▶ _YOUR OBJECTIVE_: Copy out the records in full, word for word, without pictures.

▶ _Saved data entries_:
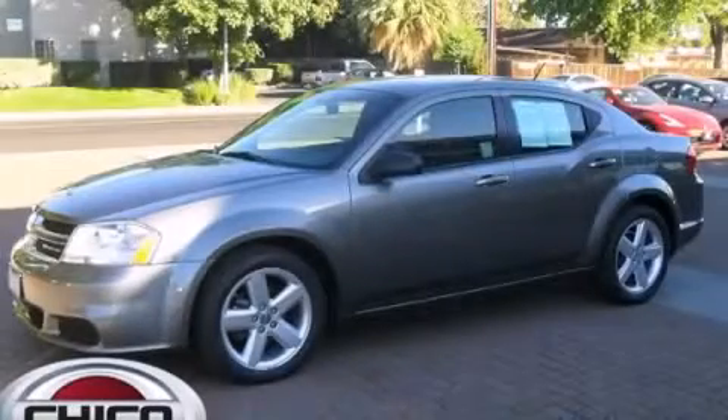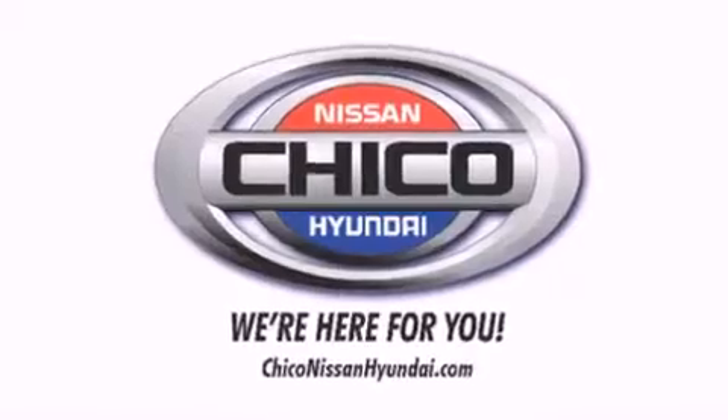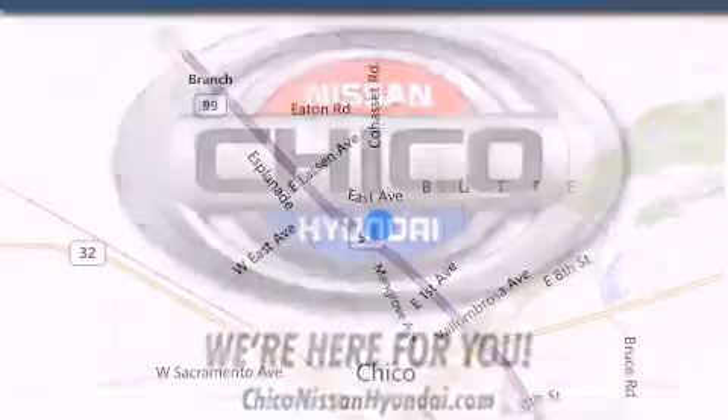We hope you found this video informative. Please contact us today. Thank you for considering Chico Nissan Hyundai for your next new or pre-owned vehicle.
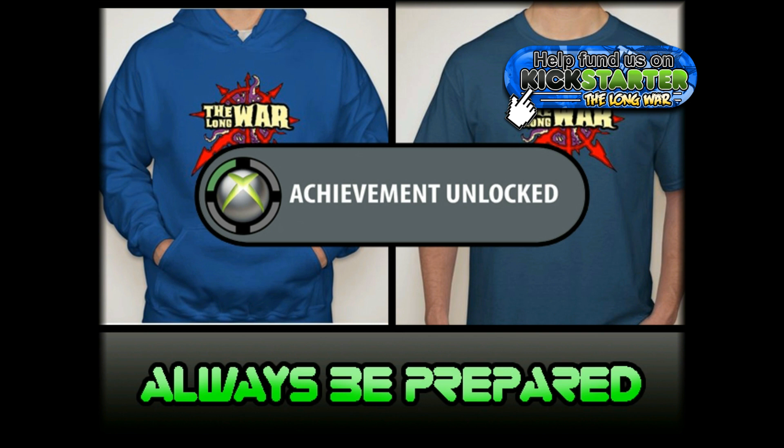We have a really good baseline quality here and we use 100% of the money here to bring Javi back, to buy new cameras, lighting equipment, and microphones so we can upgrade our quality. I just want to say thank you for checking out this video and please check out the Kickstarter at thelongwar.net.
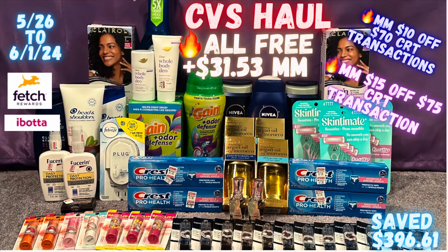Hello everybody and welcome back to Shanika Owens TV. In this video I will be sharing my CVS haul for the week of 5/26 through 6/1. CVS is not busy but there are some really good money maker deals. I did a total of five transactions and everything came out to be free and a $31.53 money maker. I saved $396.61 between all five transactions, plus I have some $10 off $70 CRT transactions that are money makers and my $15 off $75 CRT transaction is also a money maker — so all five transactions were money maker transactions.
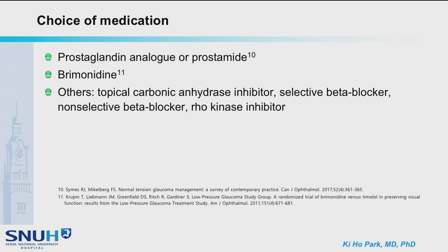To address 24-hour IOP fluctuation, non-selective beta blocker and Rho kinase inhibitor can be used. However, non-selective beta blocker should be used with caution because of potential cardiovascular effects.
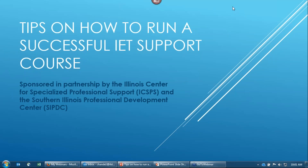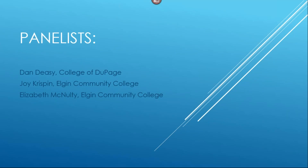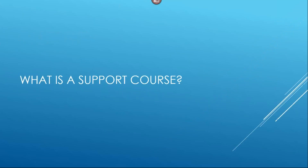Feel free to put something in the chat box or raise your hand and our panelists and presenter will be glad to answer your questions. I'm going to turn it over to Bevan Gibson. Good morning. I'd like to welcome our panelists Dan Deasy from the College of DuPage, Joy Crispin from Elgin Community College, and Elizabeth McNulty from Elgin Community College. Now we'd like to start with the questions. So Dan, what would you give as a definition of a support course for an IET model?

▶ _ANSWER_:
We hope you found this video informative. Please contact us today. Thank you for considering Chico Nissan Hyundai for your next new or pre-owned vehicle.
We have a really good baseline quality here and we use 100% of the money here to bring Javi back, to buy new cameras, lighting equipment, and microphones so we can upgrade our quality. I just want to say thank you for checking out this video and please check out the Kickstarter at thelongwar.net.
Hello everybody and welcome back to Shanika Owens TV. In this video I will be sharing my CVS haul for the week of 5/26 through 6/1. CVS is not busy but there are some really good money maker deals. I did a total of five transactions and everything came out to be free and a $31.53 money maker. I saved $396.61 between all five transactions, plus I have some $10 off $70 CRT transactions that are money makers and my $15 off $75 CRT transaction is also a money maker — so all five transactions were money maker transactions.
To address 24-hour IOP fluctuation, non-selective beta blocker and Rho kinase inhibitor can be used. However, non-selective beta blocker should be used with caution because of potential cardiovascular effects.
Feel free to put something in the chat box or raise your hand and our panelists and presenter will be glad to answer your questions. I'm going to turn it over to Bevan Gibson. Good morning. I'd like to welcome our panelists Dan Deasy from the College of DuPage, Joy Crispin from Elgin Community College, and Elizabeth McNulty from Elgin Community College. Now we'd like to start with the questions. So Dan, what would you give as a definition of a support course for an IET model?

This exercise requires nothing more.